Todo sobre mi Madre (Pedro Almodóvar, 1999) Si no habéis visto la panorámica de Barcelona iluminada, de noche, mientras suena “Tajabone” de Ismael Lo, no podéis saber lo que es amar el cine de Almodóvar. Miles de tópicos rodean sus películas (Cine por y para mujeres, escenas surrealistas, travestis y demás) Ninguno es totalmente cierto, simplemente gusta o no gusta.” Todo sobre mi madre” es una película sobre la soledad que dejan los seres queridos cuando se marchan (con la muerte o por abandono) y la hilvana entre las diferentes historias de sus protagonistas aderezadas con guiños a grandes obras como “All about Eve” o “Un tranvía llamado deseo”. Me sería imposible elegir entre las actuaciones de la gran Marisa Paredes, la rompedora Cecilia Roth, la siempre natural Candela Peña, la dulzura personificada en esta película de Penélope Cruz o la magistral actuación de Antonia San Juan. Con BSO de Alberto Iglesias y una fotografía abrumadora, mereció ese Oscar.

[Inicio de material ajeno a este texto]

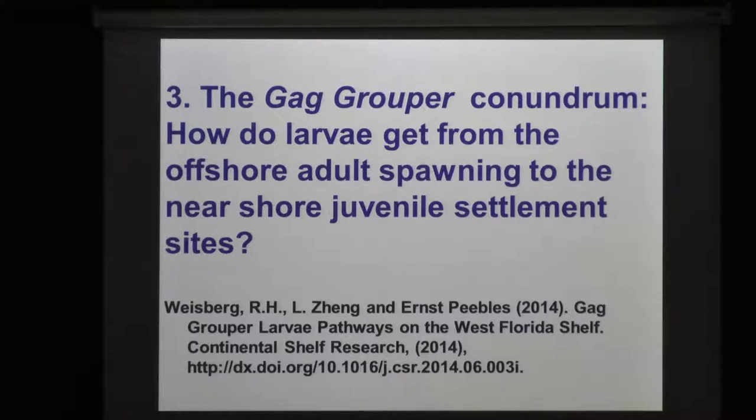There was a nice paper in 2005 by Fitzhugh and colleagues where they talked about all this stuff, but they couldn't come up with an explanation of how the larvae got to the beach.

Los Lunes al Sol (Fernando León, 2002): El “progreso” que parece instalarse en las vidas ajenas que rodean a estos 5 amigos recientemente en paro por el cierre de los astilleros, no es más que un espejismo. Imágenes similares al principio y fin de la película nos narran la desesperanza, el abandono y la crueldad que sienten cada uno de ellos en su particular circunstancia y en su similar situación. Claramente quedan definidos los inconvenientes para afrontar nuevas etapas laborales y un marcado concepto de cuál es el papel de la mujer como “sustento emocional” de la familia que pasa por este trance injusto. “La cuestión no es si creemos en Dios, sino si Dios cree en nosotros. Yo creo que Dios no cree en mí”. Sin palabras. Leones de la pantalla como Javier Bardem o Luis Tosar para esta película de sobresaliente que cierra hoy esta lista de joyas.

…………………………………..

No nos hemos olvidado de grandes películas como “Volver a empezar”, “Amanece que no es poco”, “Barrio”, “Vacas”, “La comunidad”, “Secretos del Corazón” y tantas otras que nombramos como grandes del cine que son. Pero había que elegir 10, cuando uno no tiene que elegir todo es más sencillo. Aunque lo bueno de esto es recordar con cada conversación de estas características  que tenemos un cine espectacular, lleno de buenas historias contadas por mejores cineastas y que siempre hay alguien como nosotros a los que les gusta compartirlo.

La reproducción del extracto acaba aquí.